Cluster analysis is a statistical technique used to group objects or cases into several groups based on the information found in the data describing the objects and their relationships. The main purpose of cluster analysis is to identify structure or segments in the data.
One of the most popular and simple methods in cluster analysis is the K‑Means algorithm. This algorithm is named "K-Means" because the data grouping process is done by calculating the average (mean) of each cluster. The 'K' value in K-Means refers to the number of clusters that will be created from the data.

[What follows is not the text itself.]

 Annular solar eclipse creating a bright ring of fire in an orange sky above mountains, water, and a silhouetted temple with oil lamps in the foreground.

In general, the working process of the K-Means algorithm is as follows:
- Determining the desired number of clusters (K).
- Randomly determining the cluster center.

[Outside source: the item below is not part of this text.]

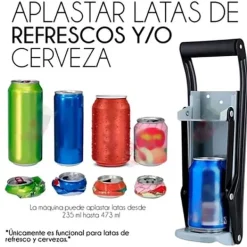 Väggmonterad aluminiumburkkross med mjukt handtag för enkel återvinning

- Calculating the distance of each data to the cluster center.
- Assigning data into the cluster with the nearest distance.

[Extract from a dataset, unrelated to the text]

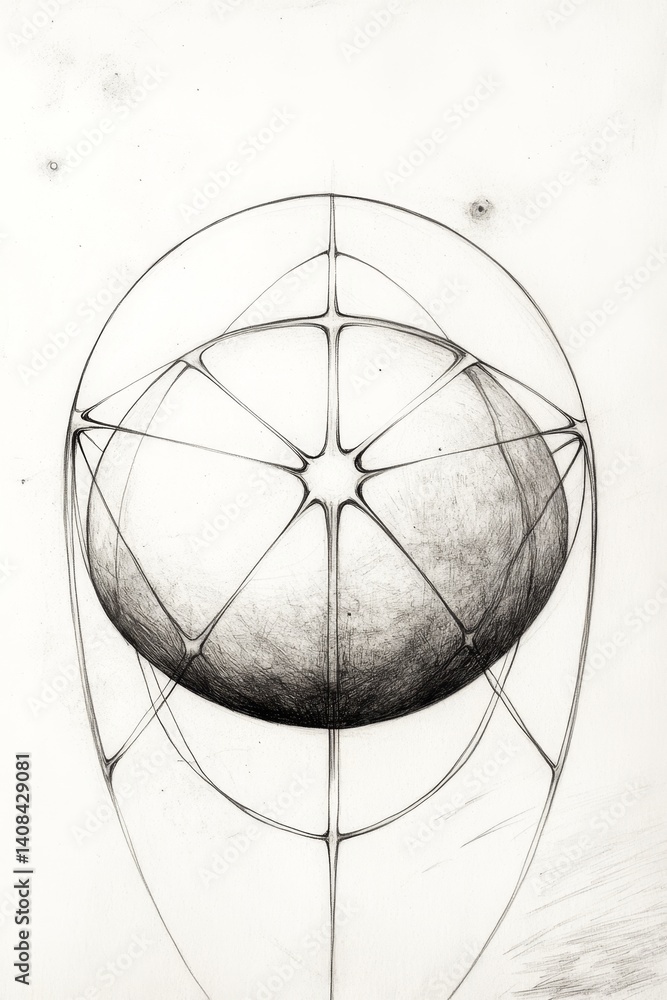 Poster abstract geometric sketch of sphere with intricate line patterns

- Re-calculating the cluster center based on its members.
- Repeating steps 3 to 5 until the cluster center no longer changes or until the maximum iteration is reached.
This method is very effective in handling large-sized data and can produce solid clusters. However, K-Means also has some limitations, such as sensitivity to initial initialization and difficulty in handling clusters that are not spherical or have different variances. Therefore, it's important to understand the data and its characteristics before choosing this method for cluster analysis.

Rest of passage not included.